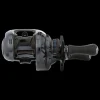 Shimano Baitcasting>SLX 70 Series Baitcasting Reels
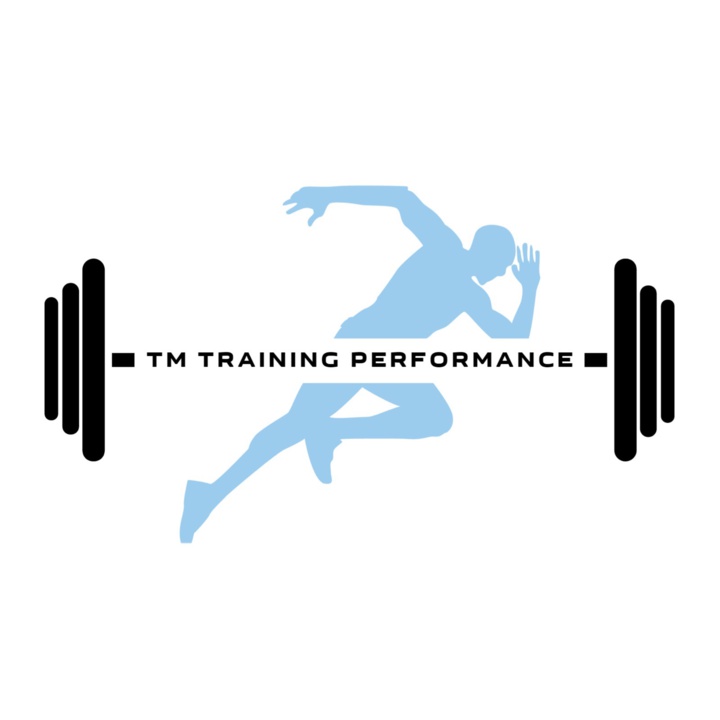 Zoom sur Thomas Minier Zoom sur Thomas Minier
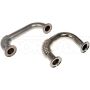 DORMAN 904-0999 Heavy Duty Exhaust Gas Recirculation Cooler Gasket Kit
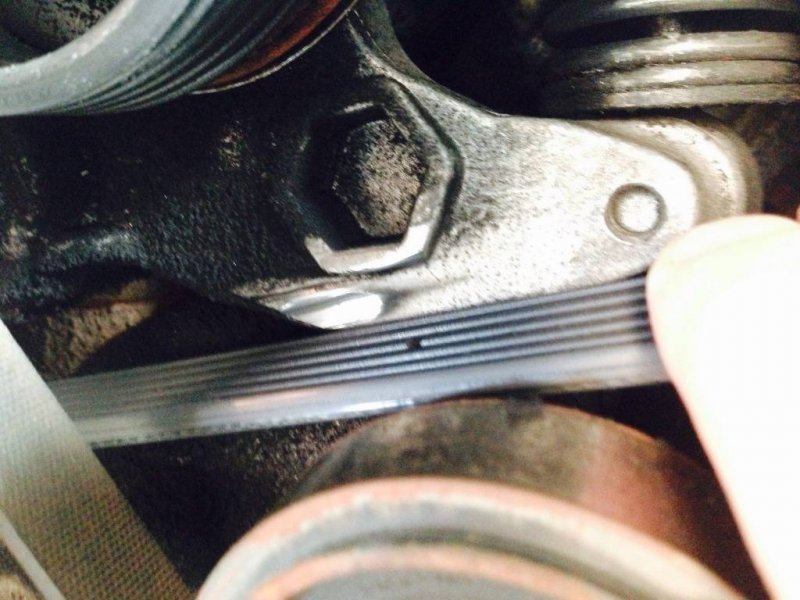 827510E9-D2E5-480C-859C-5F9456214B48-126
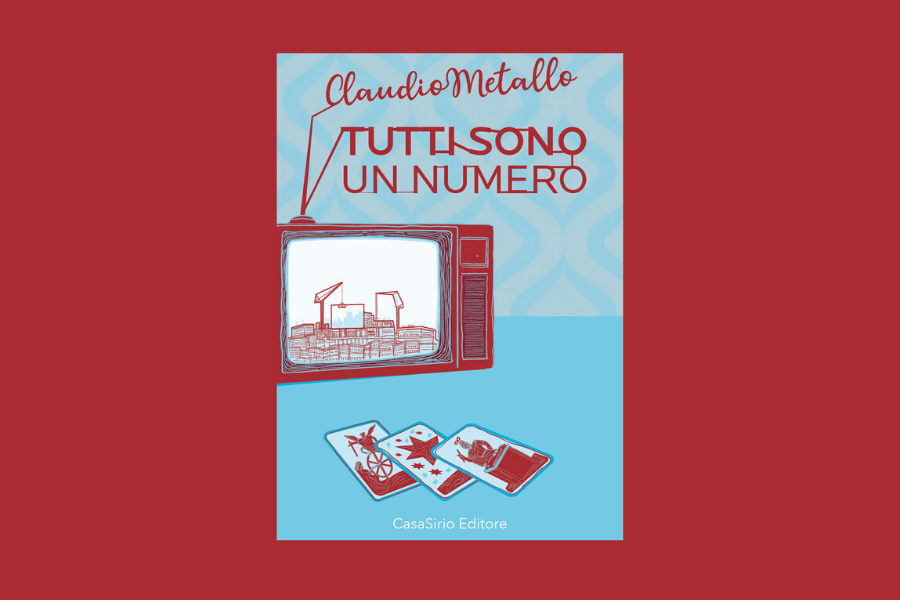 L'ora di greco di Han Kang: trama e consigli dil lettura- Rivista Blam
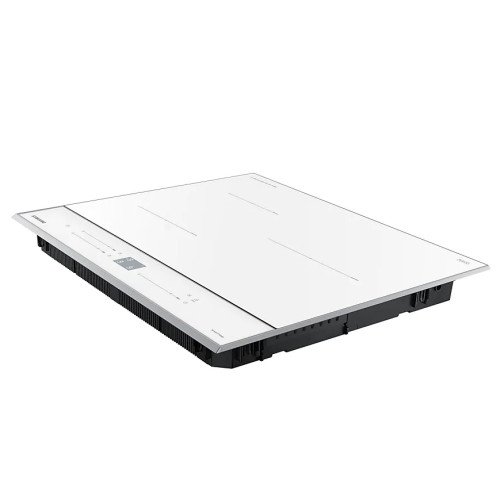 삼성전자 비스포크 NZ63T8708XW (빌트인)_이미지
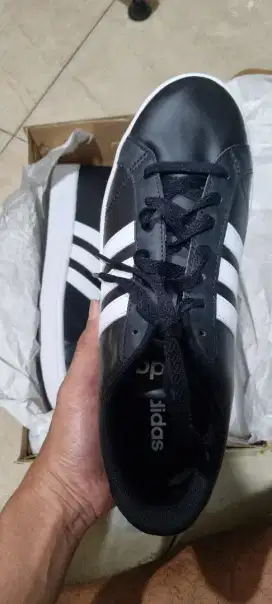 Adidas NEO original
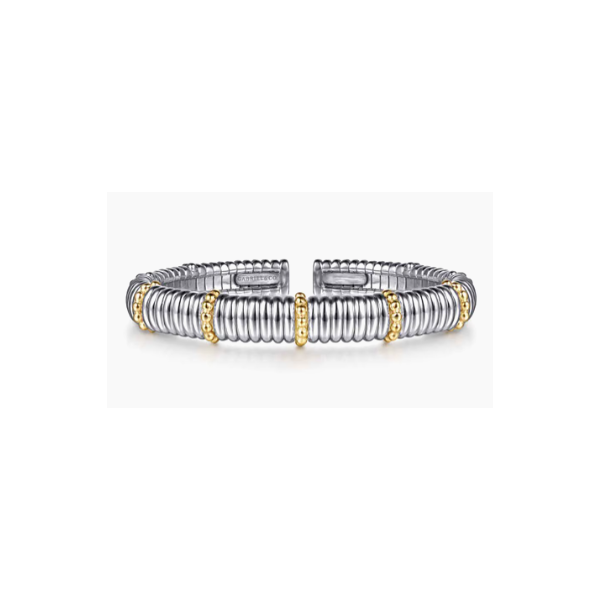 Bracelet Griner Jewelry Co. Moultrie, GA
※ ※ ※
• _Work request_: Every record should come back exactly as it is, though none of the pictures should.

• _Answer space_:
 Shimano Baitcasting>SLX 70 Series Baitcasting Reels
 Zoom sur Thomas Minier Zoom sur Thomas Minier
 DORMAN 904-0999 Heavy Duty Exhaust Gas Recirculation Cooler Gasket Kit
 827510E9-D2E5-480C-859C-5F9456214B48-126
 L'ora di greco di Han Kang: trama e consigli dil lettura- Rivista Blam
 삼성전자 비스포크 NZ63T8708XW (빌트인)_이미지
 Adidas NEO original
 Bracelet Griner Jewelry Co. Moultrie, GA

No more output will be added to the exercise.